Want to confuse the matter further? While it effectively comes without air con, a stereo/sat nav or back seats, all in the name of weight saving, you can option them all back in for free. What doesn’t change is the thinner glass and reduced sound deadening, and in truth they’re the most tangible change over a standard Carrera.

Carrera T

How come?
The T’s weight savings are pretty negligible, especially if you start adding equipment back in to make it more appealing on road trips. So while it feels neat, agile and keen, so does every 911. Especially if it’s specced with rear-wheel steering (£1,592) like our test car. While that may not please the purists, it’s a very good way of making a car like this nimble and exciting at all speeds, which is handy if lots of your time is spent crawling through cities.

A bit more noise and rawness in the cabin – no matter how minimal – is the big difference here, and I have to admit to loving the extra dose of focus. Porsche’s 3.0-litre flat-six is one of the better sounding turbo engines out there, making its additional presence via the skinnier glass fine by me.

Our car had no back seats, either, removing another hurdle between exhaust and ear while lending the T an amusing ‘911 van’ feel. Normally two-seater 911s have a big, serious rollcage obstructing much of the additional room, but here’s one that’s suddenly very cavernous indeed. You could run a small hipster food business from here, at the very least.

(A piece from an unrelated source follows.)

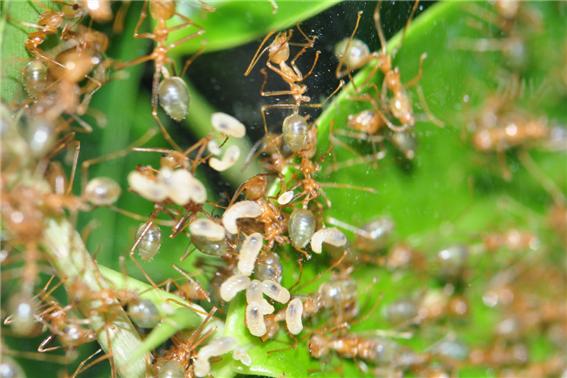 ▲ 호주푸른베짜기개미 성충과 애벌레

Get serious. What’s it like to drive?
It has that ever so slightly annoying 911 trait of just feeling damn perfect, and showing every rival up as a bit try-hard. The seating position is immediately spot on, the dials are laid out flawlessly, the throttle response and steering are crisp as anything and the car just gives you everything you need to leap in and drive it right at the top of your own limits.

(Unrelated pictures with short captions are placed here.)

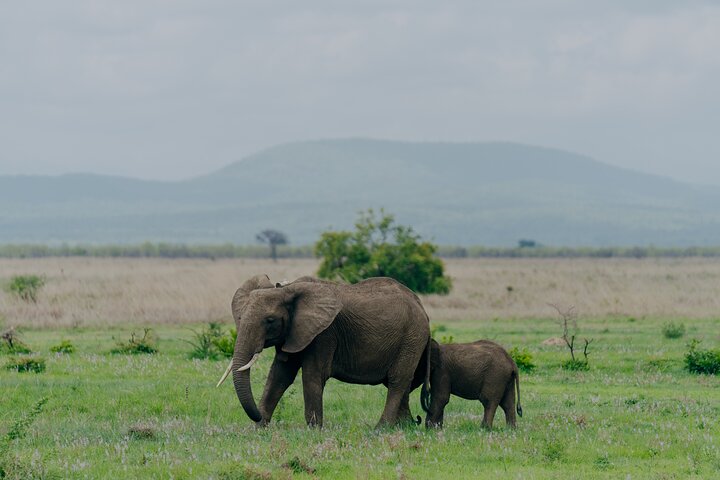 1-Day Mikumi National Park Fly-In Safari from Zanzibar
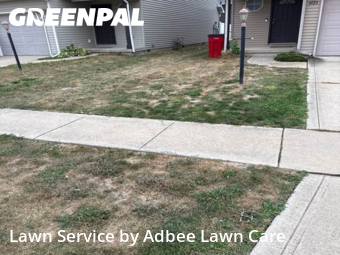 Lawn Upkeep in Champaign, 61822, Yard Care by Adbee Lawn Care, work completed in Nov , 2025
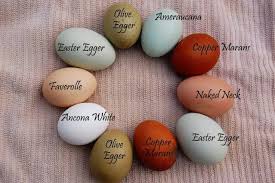 The Variety Of Colors Of Chickens Eggs Is Surprising And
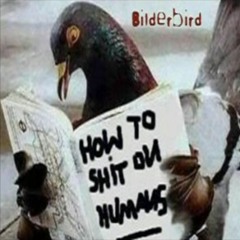 Pigeon On Chessboard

The manual gearbox would be perfect too if it wasn’t for the current Carrera’s seventh gear. It’s easy to get a little lost on multiple downchanges, in particular a seventh-to-third for a dual carriageway roundabout, but you’d no doubt get used to that if this was your only car.

Carrera T

Could it be your only car?
Absolutely, especially given you can pop those back seats back in if you need them. You still get a huge front boot and all the typical 911 liveability and unimpeachable ergonomics. I came away pretty smitten by the T: the approachability of a base Carrera, and its almostreal-world pace, but with a welcome hint of the hardcore about it.

My concern was whether that’s entirely imagined, and without a regular 911 alongside it’d be impossible to know whether the T just feels a bit tougher simply because it has new decals on the side and fabric seats and door pulls that force you into a different mindset. But I was having such a good time, it seemed pointless worrying how authentic it all is.

So it’s a good ‘un…
Sure, the T costs much more than a Carrera, but it does add quite a bit of Good Stuff – sports exhaust, torque vectoring with limited-slip diff, Sport Chrono – and allows the option of rear-wheel steering, not currently available on regular Carreras. It’s the most serious you can make a 911 without the sky-high price and redline of a GT3, delivering a reasonable portion of its fun at more modest budgets and road speeds. We might not have asked for a 23rd 911, but the more I drove the Carrera T, the more I wondered how many of the other 22 we really need. It’s terrific.